Heh - ABX testing would put most of the audio industry out of
business! (Because people can't tell the difference between a $30
Radio Shack CD player and a $5,000 botique CD player...*if* they
don't know which one they're listening too)
A heavily compressed waveform, on the other hand, necessarily
looks square, because the troughs now match the peaks.
No, not really.
Derek Ashworth has it exactly right. I'm a musician who records
my own stuff, and I've studied the art of recording for many years.
All of the ridiculous mastering-stage compression these days is
intended 100% to make sure that the song is as loud or louder on
the radio than everything else. Which is kinda silly, since radio
signals are highly compressed even further.
Interestingly, Iron Maiden decided not to put their new cd through
the mastering process at all. The cd you buy is a straight transfer
of their final mix. Personally, I'm not a big fan of their new cd
from a musical standpoint, but that's a pretty bold step for a
major-label artist to take.
A lot of this is the product of the cd remastering craze of the
mid-late '90s. The better remasters were done very carefully to get
both higher volume and more faithful reproduction than the original
cd versions, which were often mastered from inferior sources, such
as "production masters" used to make LPs. But with thousands of
titles to remaster and sell to the public yet again, the major
labels often just took the same sound source, compressed the shit
out of it, and passed it off as a 'remaster.'
By the way, putting an album through an audio expander might undo
some of the problems with over-compression, but it won't undo all
of the digital distortion that over-compression creates, which is
one reason so many new recordings sound so harsh. Analog
compression would lead to clipping, but the result could often be
musically useful, as with getting a good snare drum sound, but
digital distortion is just ugly.
There is no reason to believe at an overcompressed music source
would create any challenges for the auditory system that would lead
to headache or "physically exhausting listeners." There is an
auditory reflex which protects your auditory system from loud
sounds that tires with continuous exposue, but this has more to do
with absolute volume than dynamic envelope.

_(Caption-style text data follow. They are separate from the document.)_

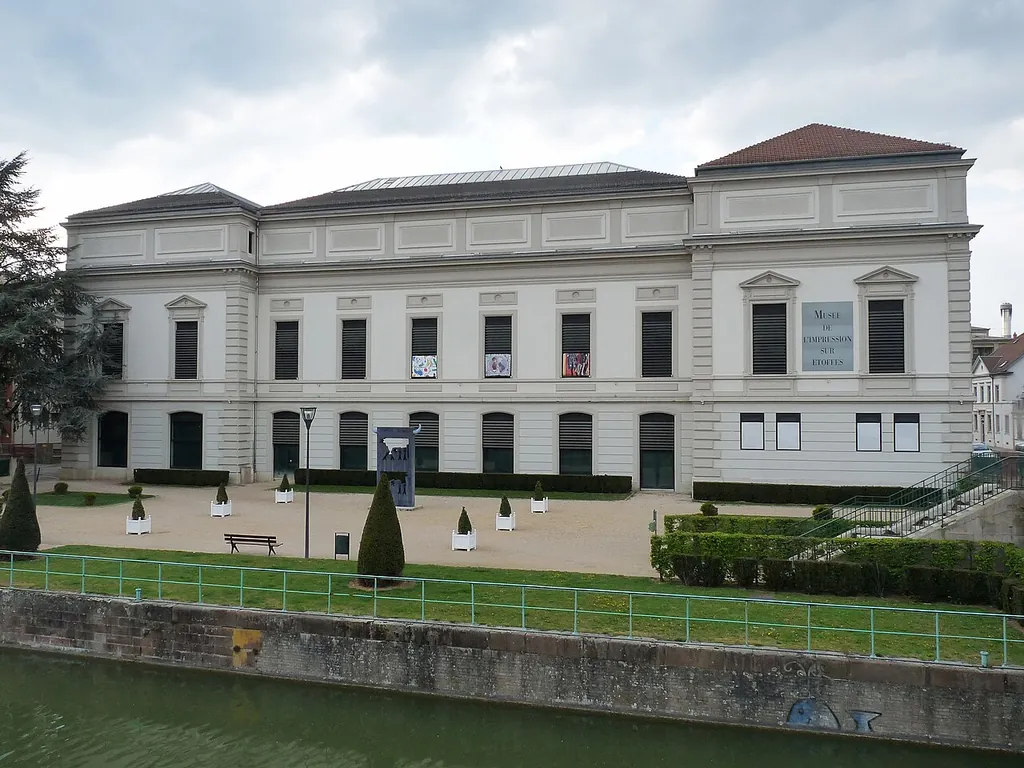 Musée de l'impression sur étoffes in Mulhouse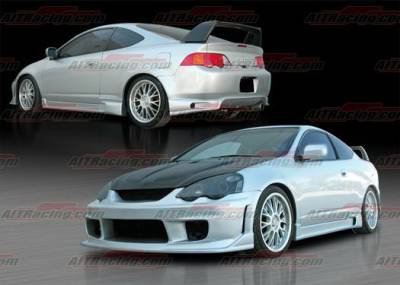 AIT Racing - Acura RSX AIT Racing ING Style Body Kit - AX01HIINGCK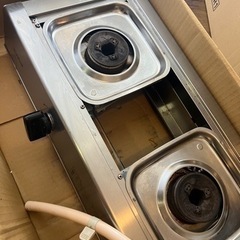 リンナイ　ガスコンロ　業務用　家庭用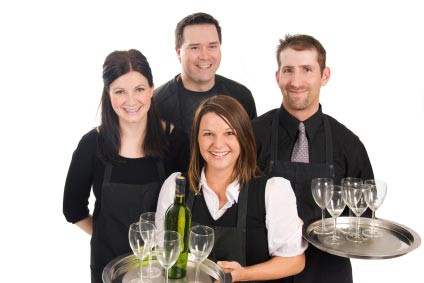 Ospatarii au scapat de munca pentru o seara. Au sarbatorit Revelionul!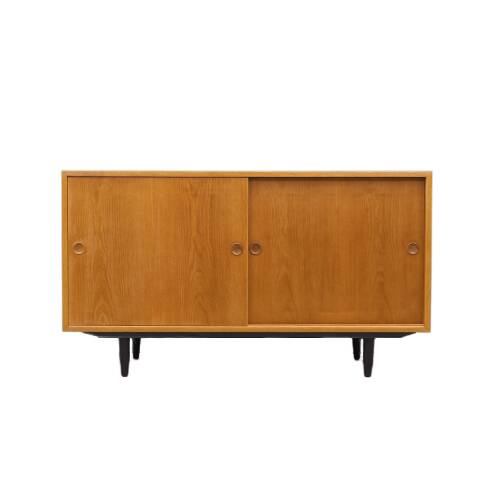 Oak cabinet, Scandinavian design, 1960s, designer: Børge Mogensen, manufacturer: AB Karl Andersson &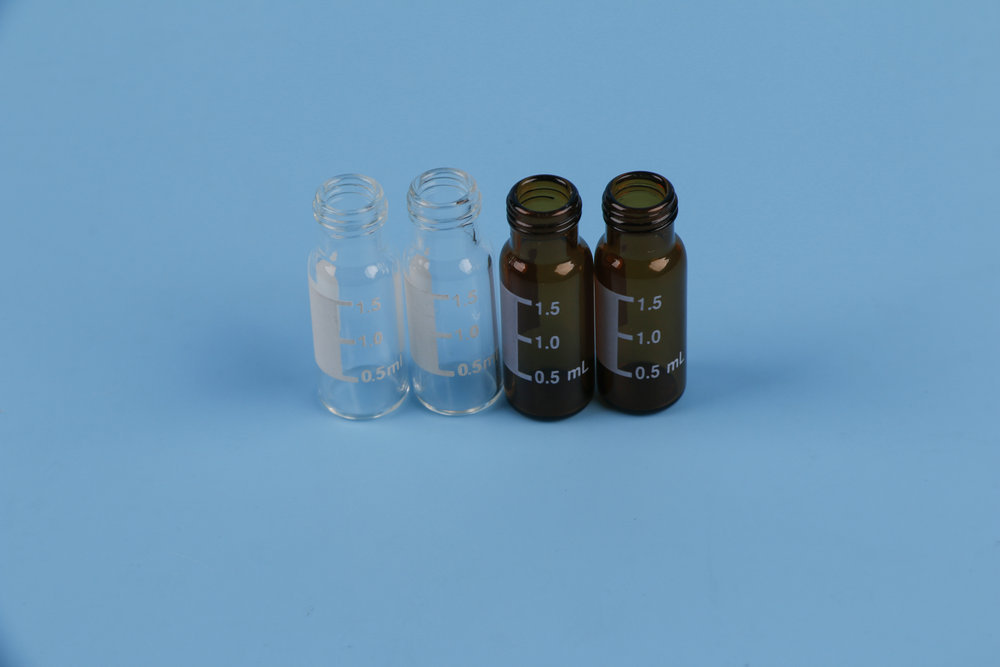 5ml玻璃透明样品瓶含盖垫顶空2ml棕色液相/气相进样瓶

Any complaints about this come from aesthetics... not
neurocognitive fatigue.
Right, all ReplayGain is doing is automatically adjusting the
volume level of your player to maintain a generally consistent
volume level. It's not de-compressing the sound, which I imagine is
as likely as de-compressing a crushed car. But I find that my ears
are less fatigued when I listen using ReplayGain, which is why I
recommend it.
larry
Overcompression isn't anything new, but anyone who cared used to be able to dial the midrange down a bit. But now stuff is SO overcompressed you can't turn down the midrange enough.
"I stole this post title straight from Gross' article, as it was
too perfect."
And Gross stole if from
Deep Purple..."Made In Japan" (instructions given to sound guy
heard between songs...)
Here's a wiki going into some other detail about the
subject:
http://en.wikipedia.org/wiki/Loudness_war
Also...
Deep Purple's "Made In Japan" can be used an example of the
practice; the MFSL CD version is a much different listening
experience than the Rhino remastered version.